Fund managers snap up bonds on growth threat from Iran war

Why it matters: Fund managers are buying bonds, indicating a concrete shift in capital allocation away from equities due to the Iran war.
- Fund managers are snapping up bonds, shifting focus from inflation to the growth threat posed by the Iran war.
- Debt investors are now prioritizing the likely damage to economies over previous inflation fears, following a sharp market sell-off.
- Economic Times Markets identifies nearly 80 stocks from a battered Indian market for re-evaluation by FY27 due to the Iran war and earnings hits.
- Investors are growing concerned about Trump’s new timeline on the Iran war, as reported by MarketWatch Bulletins.
- ZeroHedge notes that Hegseth has ousted the Chief of the Army as the Iran war persists.
- NYT Business highlights that the war with Iran clarifies Trump’s spending priorities, favoring the military over child care.
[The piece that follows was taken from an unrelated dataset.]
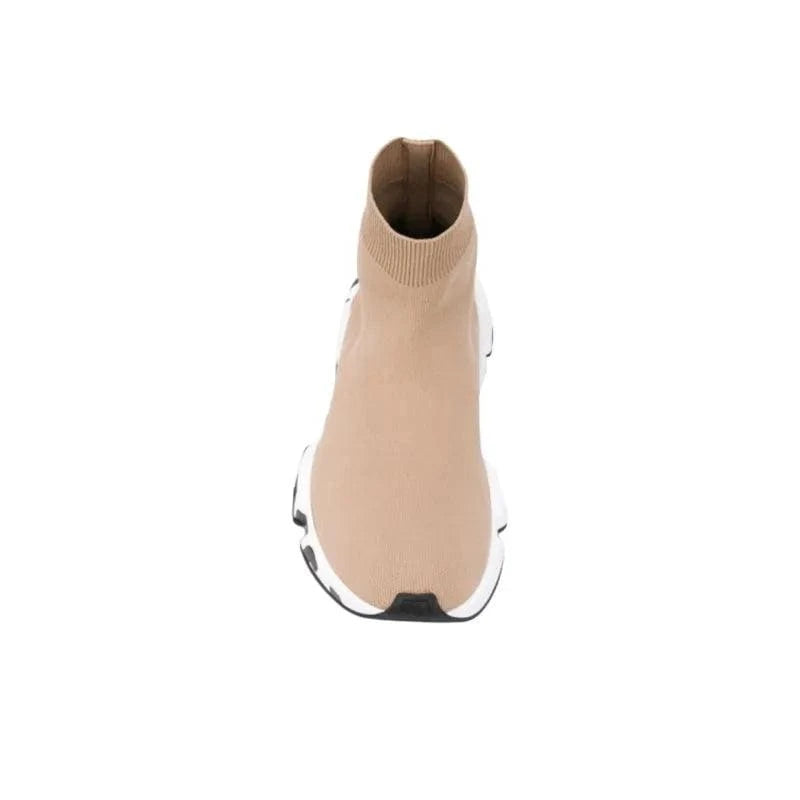 Balenciaga Speed Graffiti Sneakers 'Beige Knit With White And Black Graffiti Sole Unit' | Banlieue91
- BBC Business reports an unexpected US jobs surge in March, occurring despite the ongoing Iran war.
Fund managers are aggressively buying bonds, pivoting from inflation concerns to the economic damage expected from the ongoing Iran war, which is now a primary driver of market sentiment and investment strategy. This shift comes as investors weigh the war's impact on global growth, U.S. spending priorities, and even unexpected domestic job surges, despite a battered Indian market facing significant stock re-evaluations.